Startups, Logistics, and Evolving Product/Market Fit
Earlier this week, on-demand startup Shyp closed its doors after raising some $60 million in funding. While last-mile on-demand tech wave is booming, the underlying unit economics didn’t pan out, according to CEO Kevin Gibon’s post-mortem.
When high-profile startups shut down, there’s always a surge of claims that the startup community builds products that companies don’t need on a foundation of VC money, all fostering a surge of antagonism towards startups and Silicon Valley culture.
There is a positive aspect though.
Startups, particularly those with a fresh vantage point, drive incumbents to rethink strategies, resulting in enterprise progress too. Here, legacy companies and startups alike can struggle to find product/market fit for new solutions. But as a whole, that hasn’t stopped the logistics industry, from startups to legacy providers, from rolling out new solutions. Just take a look at the past few months, which saw Expeditors, SEKO, K+N, Agilityand DHL GF, to name just a few, roll out new solutions.
On a broader level though, there’s a conceptual difference between tactical platform advances, like those typically implemented by legacy providers, and changes in strategic approaches. Freightos’ 2018 State of Digital Freight Sales study, which measures how the top twenty forwarders sell online, underline this trend, driven by a renewed focus on customer service.
While the bevy of tech-enabled forwarders and digital platforms have had customer satisfaction on their mission statements from Day 1, the largest players in the game are now on board as well. Just look at Maersk.
Change as Maersk’s New Byword
After the Maersk-Hamburg Sud merger, Maersk also announced a major shift away from the energy sector, in order to concentrate on container shipping. Against the background of turmoil within ocean carrier industry, this change of direction came as a shocker.
It’s increasingly clear how, with this renewed faith in ocean shipping, Maersk intends to grow, expanding across the freight value chain and building up their integrator credentials. As CFO Jakob Stausholm told Bloomberg:
“We’re currently very big in the ocean segment, and we’d rather grow in non-ocean, so it may be a good idea to look for M&A targets there.”
Despite the recent turmoil from NotPetya, which forced clean installs of 45,000 PCs and 4,000 servers, Maersk is tapping technology to help. They have an enviable track record as the ocean carrier leading technological innovation, and as partners in some key blockchain trials, while providing several digital freight services to approved customers, including online sales and booking.
But as mentioned above, the technology change is a tactical change. The underlying strategic change is the renewed vigor with which Maersk is pursuing customer-facing service as a core goal.

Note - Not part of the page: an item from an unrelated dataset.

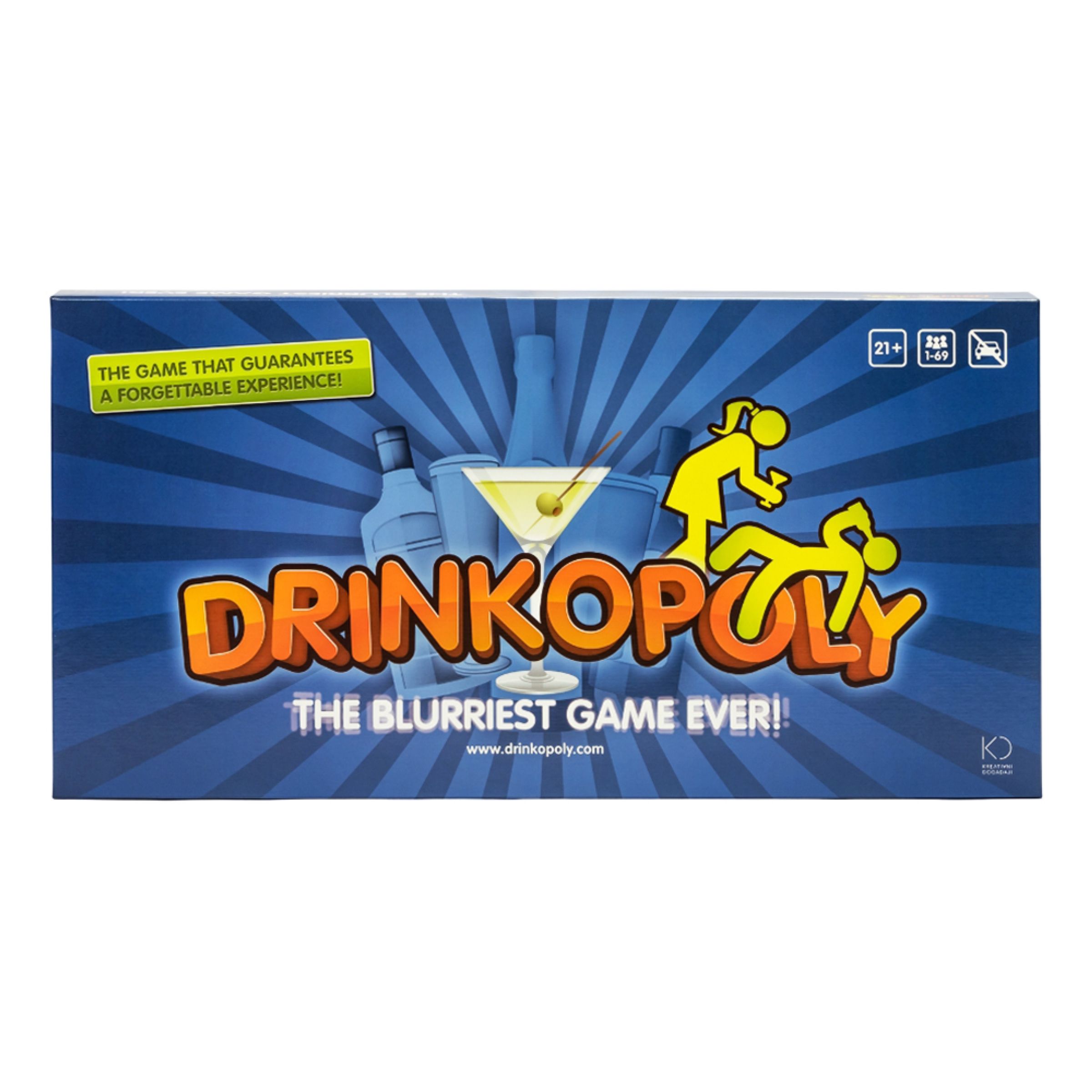 Drinkopoly Brädspel | Hem - Roliga Prylar - Spel & Lek - Festspel & Förfest-spel | Pryloteket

Maersk and Customer-Facing Innovation
Last year, Maersk hired its first Chief Digital Officer, Ibrahim Gokcen, who previously oversaw digital transformation at General Electric. And a central tenet of their transformation focuses on the customer experience:
This isn’t a one-off. It’s baked into their corporate vision,
“It starts and ends with customers. We must continue to strengthen this focus to become a truly customer-centric company, serving our customers’ individual needs”.
And it’s also being reflected loud and clear from CEO, Soren Skou,
“We want our customers to be able to deal just with Maersk. We want to carry the box from one port to another, we want to provide the inland service, we want to provide customs house brokerage, finance the goods, insure the goods, consolidation, and whatever other services that may be relevant for our customers”.
Tracking Changing Trends In Other B2B Sectors
Maersk may be pioneering better customer-centricity on the seas, but here, they are safely following the lead from pioneers in other sectors.
The internet has empowered buyers and conditioned them to expect price visibility, service ratings, instant service, and more. The new breed of B2B company see technology as a means to an end – building a business that provides customers with what they want. Take, for instance, Amazon Business, Xero, and Expensify.
B2B is catching up with B2C in becoming customer-centric.
Even supply chains aren’t immune to this change, according to KPMG research. Companies that make “customer obsession…the driving force for the entire supply chain” are performing better financially.
But how much progress has been made?
For the past three years, Freightos has conducted mystery shopping surveys of the top twenty global freight forwarders, measuring freight digitalization. The 2018 report, released in late March, shows a massive jump in forwarders offering instant online freight quoting, up from just one to five. In other words, 25% of forwarders can provide quotes in seconds; the manual companies take an average of 57 hours. The customer experience gap is tangible. But even the simple digital experience showed the room for improvement. For instance, over a third of the top twenty forwarders still don’t have an online form, or if they do it is buried at least one minute of navigation deep.
There’s no doubt that some startups enter the logistics space without validated product/market fit.
This isn’t the sole dominion of startups though; only 20% of businesses as a whole last more than a year. As both legacy providers and startups try their hand at new technology solutions, the underlying driver must be an improved customer experience, not technology for technology’s sake.
Otherwise, we’ve all seen what lies down that path.